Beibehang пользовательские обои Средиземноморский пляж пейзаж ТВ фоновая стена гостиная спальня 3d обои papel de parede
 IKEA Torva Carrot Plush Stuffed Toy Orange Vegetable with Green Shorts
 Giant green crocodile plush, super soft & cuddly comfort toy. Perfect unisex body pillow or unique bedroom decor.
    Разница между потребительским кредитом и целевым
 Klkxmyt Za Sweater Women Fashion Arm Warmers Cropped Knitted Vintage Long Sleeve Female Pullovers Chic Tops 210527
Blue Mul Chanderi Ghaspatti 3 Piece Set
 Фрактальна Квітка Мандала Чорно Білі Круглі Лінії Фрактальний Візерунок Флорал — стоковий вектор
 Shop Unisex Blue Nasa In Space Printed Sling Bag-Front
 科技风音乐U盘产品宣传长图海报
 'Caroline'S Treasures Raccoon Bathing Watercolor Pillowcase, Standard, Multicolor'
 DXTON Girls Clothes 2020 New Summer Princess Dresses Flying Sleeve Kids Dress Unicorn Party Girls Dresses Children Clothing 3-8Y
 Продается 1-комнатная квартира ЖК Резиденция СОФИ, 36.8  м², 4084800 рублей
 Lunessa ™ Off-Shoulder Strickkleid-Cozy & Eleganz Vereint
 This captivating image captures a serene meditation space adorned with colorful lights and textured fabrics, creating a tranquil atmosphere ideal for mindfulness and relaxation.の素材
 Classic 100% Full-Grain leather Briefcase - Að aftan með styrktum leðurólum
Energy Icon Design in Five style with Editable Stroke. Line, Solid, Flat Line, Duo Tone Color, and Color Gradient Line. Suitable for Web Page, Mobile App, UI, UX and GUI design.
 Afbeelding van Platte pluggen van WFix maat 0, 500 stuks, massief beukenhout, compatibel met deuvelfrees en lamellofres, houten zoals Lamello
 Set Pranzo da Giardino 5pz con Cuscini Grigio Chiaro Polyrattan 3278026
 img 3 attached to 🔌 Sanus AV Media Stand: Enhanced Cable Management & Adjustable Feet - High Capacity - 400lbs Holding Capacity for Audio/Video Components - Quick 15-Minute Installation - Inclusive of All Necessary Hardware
________________________
## Task instructions
Looking at the entries above, count each line in which the word "with" occurs, then give the total and nothing further.

## Response box
3